The fuse is a blade fuse and pushes into a two wire connector.

I am curious as to how you see the spark under the frame!!.


----------



## JKWill (Mar 21, 2014)

Okay. The engine stalls and belt squeals immediately upon engaging the clutch (with engine running). With the engine off, pulling the clutch switch causes the clutch to "thunk" and jiggles the belt. The spark doesn't happen unless the engine is running when engaging. Which seems to indicate the spark is coming from something mechanical. The wiring is in good shape, and is in a nice vinyl case.

Removing the belt to check the clutch seems prudent.

I will get my wife to activate the thing so I can get a better view of the spark. As I can't quite see the spark while kneeling. 

Thanks for the heads up on the location of the 30 amp fuse, I found it right after posting.

I'm going to put the mower on pickup truck ramps to see better.
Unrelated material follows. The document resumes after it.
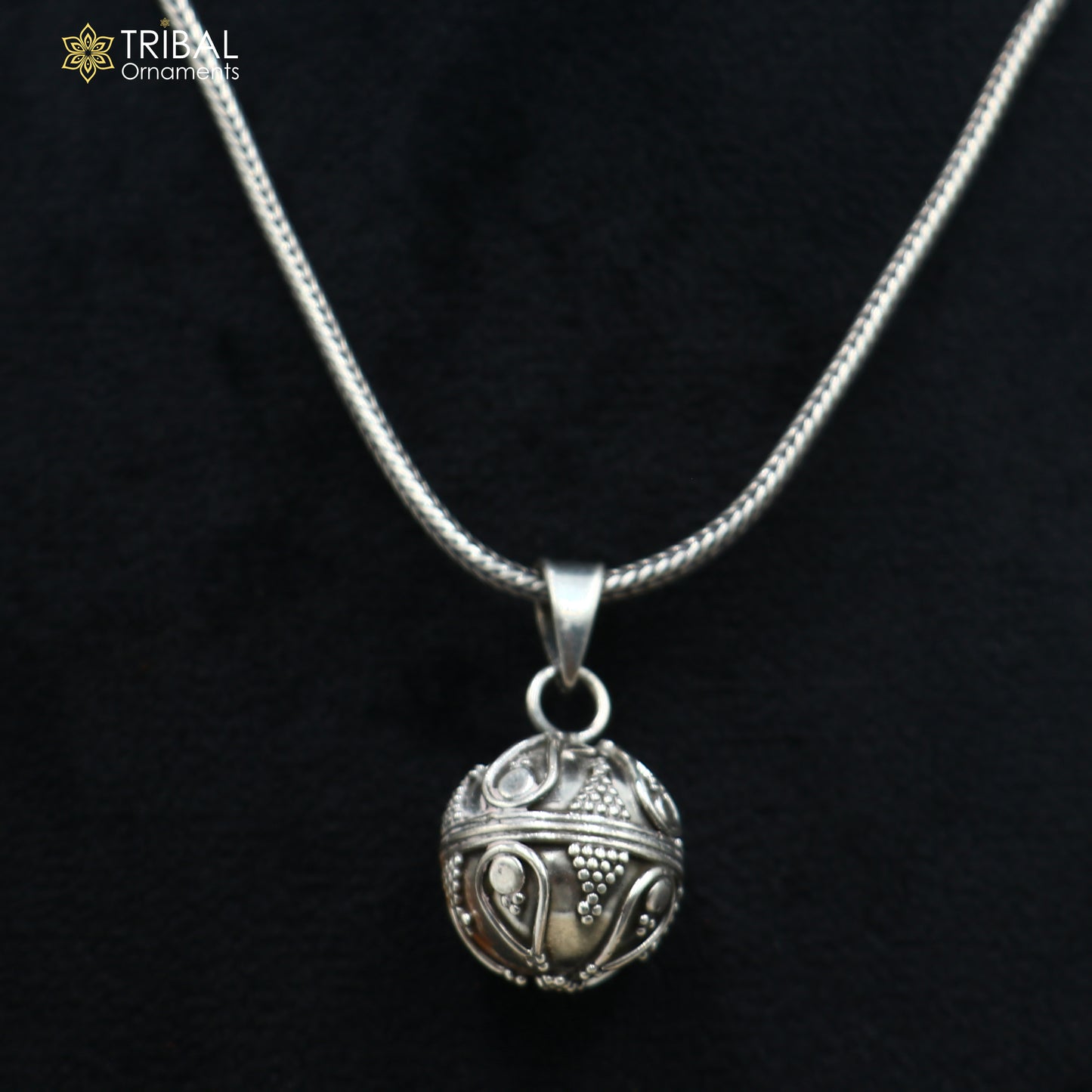 925 sterling silver ball design pet cat/dog jingling Pendant tribal jewellery nsp1063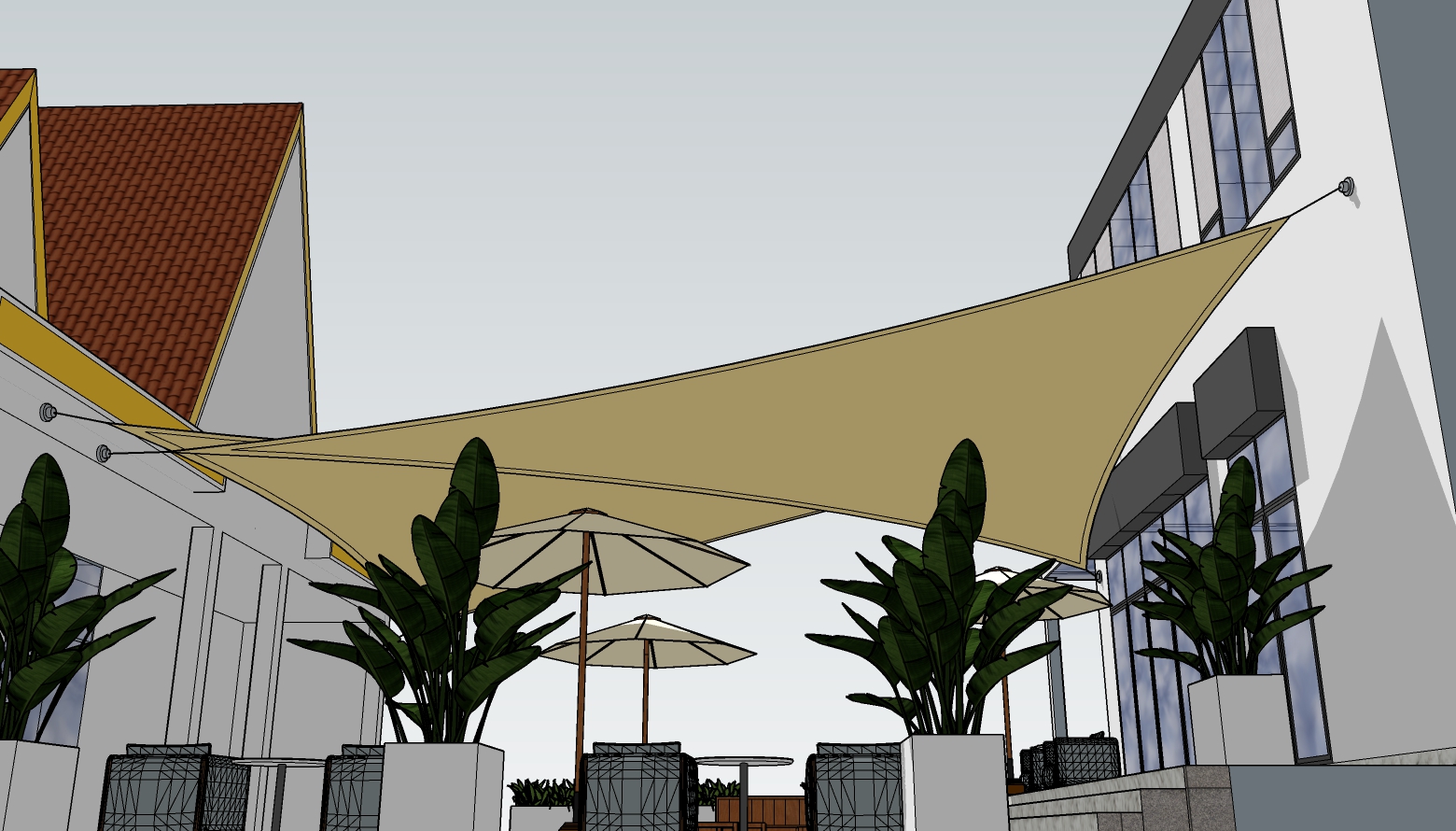 3D Design Study for two Triangle Shade Sails Pople Station Siem Reap Cambodia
Right now moving/removing the belts is pure magic, I can't see anything and don't have a mower lift.

Thanks for the clues. My wife is tired of me putting all my time on working on that dang mower.(and the weed are knee high) But I will get under it as soon as I can sneak away.


----------



## FredM (Nov 18, 2015)

Most times to remove a belt from the engine pulley, you place a ring spanner onto the nut/bolt head on the belt idler pulley and pull against the spring pressure enough to shift the belt off of the engine pulley, you may have to remove a belt guide from around the engine pulley first though, or there may be enough room to slide the belt between the guide and pulley.

It sounds like you have a seized spindle or idler on the mower deck and that is what is causing the stall.

You can never please the minister for war and finance, I know.


----------